What Love did during the interwar years up to 1941 is a mystery. His autobiography doesn’t say, but other documents seem to indicate that he remained politically active, particularly in the Veterans of the Abraham Lincoln Brigade (VALB). The attack on Pearl Harbor made him enlist in the U.S. army where his experience in Spain was both valued and feared in light of its connections to communism. Although by this time the FBI and the House of Un-American Activities Committee had started to investigate him, Love fought overseas in the U.K and on D-Day at Utah Beach. At his return to the U.S., accelerated by a back injury, Love faced the harsh persecution of his communist ideals under McCarthyism.

Newspaper article about veterans of the war featuring Vaughn Love (top, middle)

Not much is said in A Closer Look  about what Vaughn Love did after fighting in World War II. From interviews and personal correspondence it’s clear that he continued to work in the VALB organization, helping historians and fellow veterans to research and publish different works about the brigade. Sometime in the late 70s Love would start writing his autobiography A Closer Look, that for the next decade up until his death in 1990 he, unsuccessfully, tried to get published.

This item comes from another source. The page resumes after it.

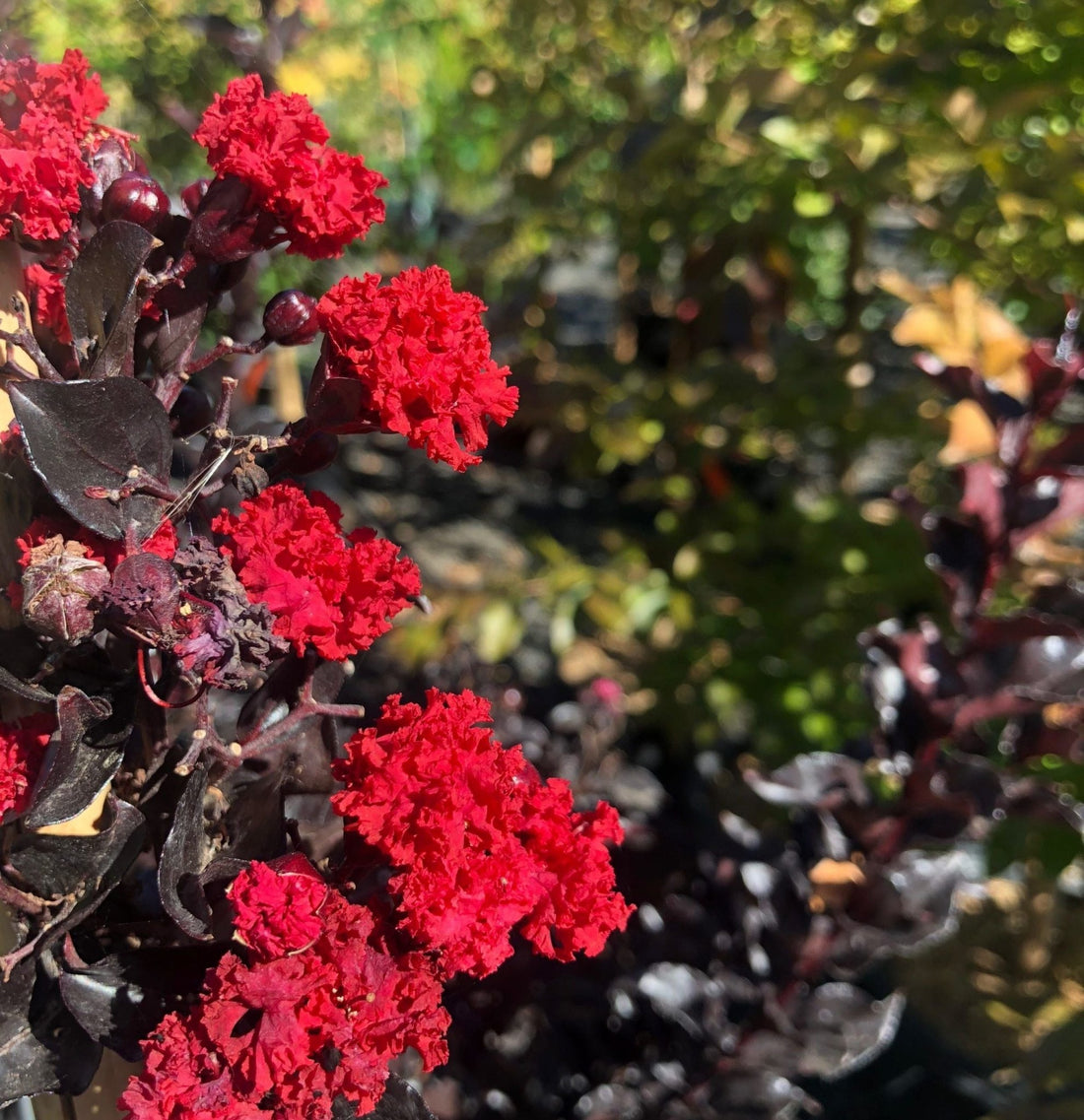 Crepe Myrtle Diamonds in the Dark Best Red (Lagerstroemia) - Ladybird Nursery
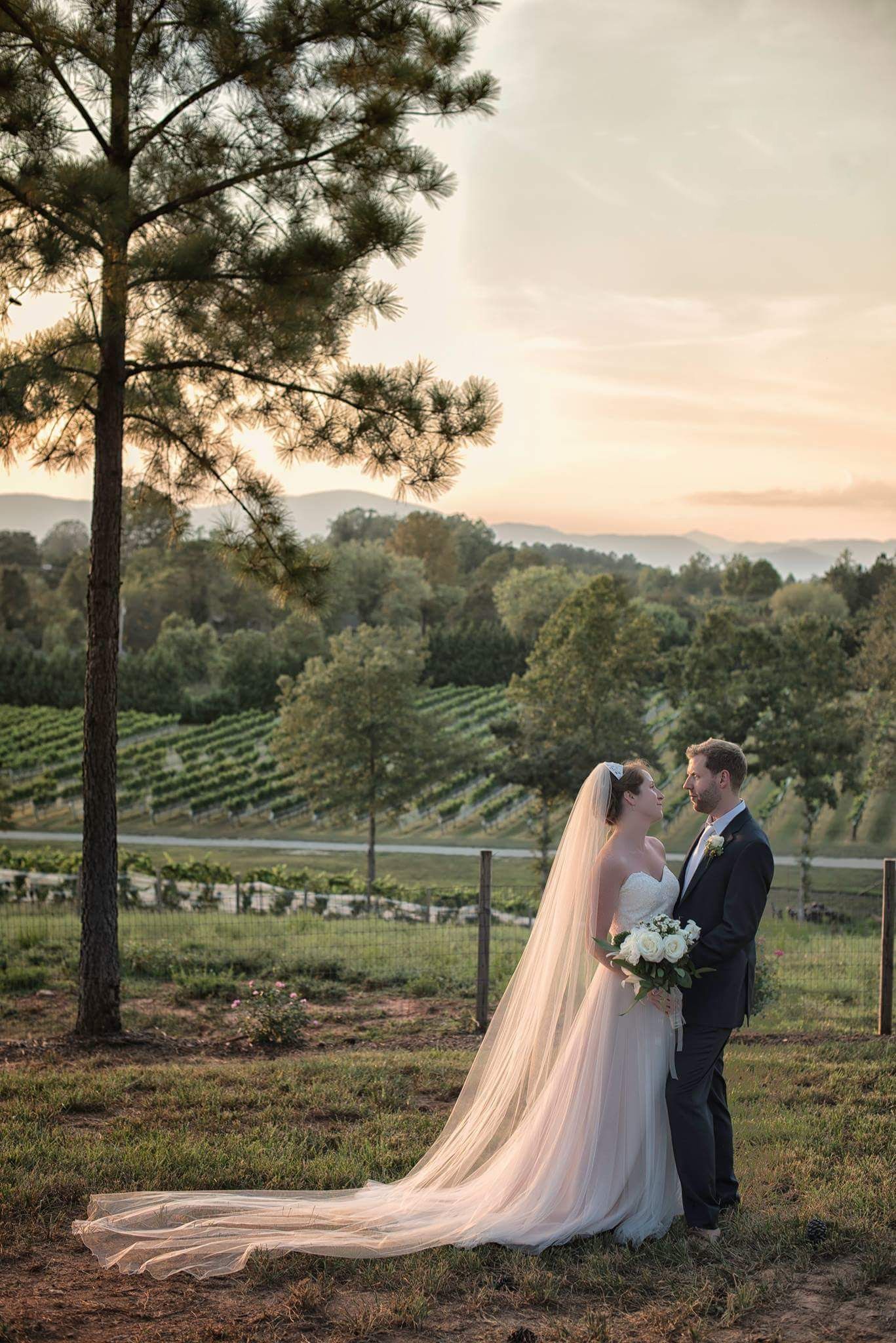 Bride and groom embracing near a pine tree overlooking a vineyard at golden hour sunset.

Love’s autobiography reveals the complex story of an individual in the midst of the anti-fascist internationalist struggle of the 1930s and the liberal backlash of the 1970s and 1980s. Nevertheless, Love remained a committed activist who opposed war, fascism and defended a world where all humans could live in harmony. That’s why there is no better way to end this blog series and to commemorate his life by quoting a poem he wrote for the last page of his book:

“For the world to survive
We must have peace.
For peace to endure
We must have justice.
But justice means sharing
With all the world
All the benefits and comforts
And the burdens as well.”

Dario Graziano from Spain is a student in Transatlantic Studies at Radboud University. He has previously completed a master in American Studies in the University of Amsterdam and bachelor in History at the University of Zaragoza. During his bachelor years, he also had the chance to study abroad in countries such as the U.S., Italy or Romania, which have made him specially interested in transnational movements and perspectives. His main research interest are the African Americans who fought in the Abraham Lincoln Brigade during the Spanish Civil War. Recently, he published a blog about this topic on lavozdelbrigadista.com (in Spanish). To contact Dario about this thesis or research materials send an email to: dariofg007@gmail.com.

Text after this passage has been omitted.